=== Task brief ===
In the data, find the word "Jersey" and copy out every line that has it.
┌─ Exercise material
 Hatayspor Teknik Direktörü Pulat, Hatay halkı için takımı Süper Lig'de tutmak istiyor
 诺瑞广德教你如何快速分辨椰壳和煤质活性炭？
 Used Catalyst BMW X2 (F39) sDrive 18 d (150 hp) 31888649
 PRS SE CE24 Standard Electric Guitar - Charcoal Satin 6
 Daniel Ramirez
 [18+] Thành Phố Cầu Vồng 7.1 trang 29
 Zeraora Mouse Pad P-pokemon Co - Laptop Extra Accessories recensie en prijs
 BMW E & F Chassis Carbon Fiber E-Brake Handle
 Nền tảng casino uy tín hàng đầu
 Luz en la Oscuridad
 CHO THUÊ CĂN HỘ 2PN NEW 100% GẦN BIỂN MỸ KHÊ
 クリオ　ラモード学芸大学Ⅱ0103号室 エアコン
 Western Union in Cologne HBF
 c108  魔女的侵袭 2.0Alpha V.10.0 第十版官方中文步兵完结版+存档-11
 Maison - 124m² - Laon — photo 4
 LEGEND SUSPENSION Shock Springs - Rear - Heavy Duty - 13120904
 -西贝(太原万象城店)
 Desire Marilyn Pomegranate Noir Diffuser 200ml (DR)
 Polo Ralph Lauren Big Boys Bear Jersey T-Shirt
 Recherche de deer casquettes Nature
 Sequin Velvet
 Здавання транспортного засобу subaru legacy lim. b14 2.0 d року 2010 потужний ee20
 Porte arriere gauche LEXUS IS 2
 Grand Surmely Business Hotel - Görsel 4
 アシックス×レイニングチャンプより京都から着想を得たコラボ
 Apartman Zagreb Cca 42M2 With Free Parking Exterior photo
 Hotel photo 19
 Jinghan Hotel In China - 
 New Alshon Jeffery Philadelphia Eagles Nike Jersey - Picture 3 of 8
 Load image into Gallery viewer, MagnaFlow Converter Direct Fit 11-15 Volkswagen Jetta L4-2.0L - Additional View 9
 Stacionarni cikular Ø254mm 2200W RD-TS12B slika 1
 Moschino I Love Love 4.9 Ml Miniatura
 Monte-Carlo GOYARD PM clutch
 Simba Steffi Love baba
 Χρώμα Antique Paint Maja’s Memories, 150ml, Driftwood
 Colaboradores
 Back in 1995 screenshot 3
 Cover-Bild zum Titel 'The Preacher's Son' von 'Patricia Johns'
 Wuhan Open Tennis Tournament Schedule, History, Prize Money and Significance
└─
=== Exercise response ===
 Polo Ralph Lauren Big Boys Bear Jersey T-Shirt
 New Alshon Jeffery Philadelphia Eagles Nike Jersey - Picture 3 of 8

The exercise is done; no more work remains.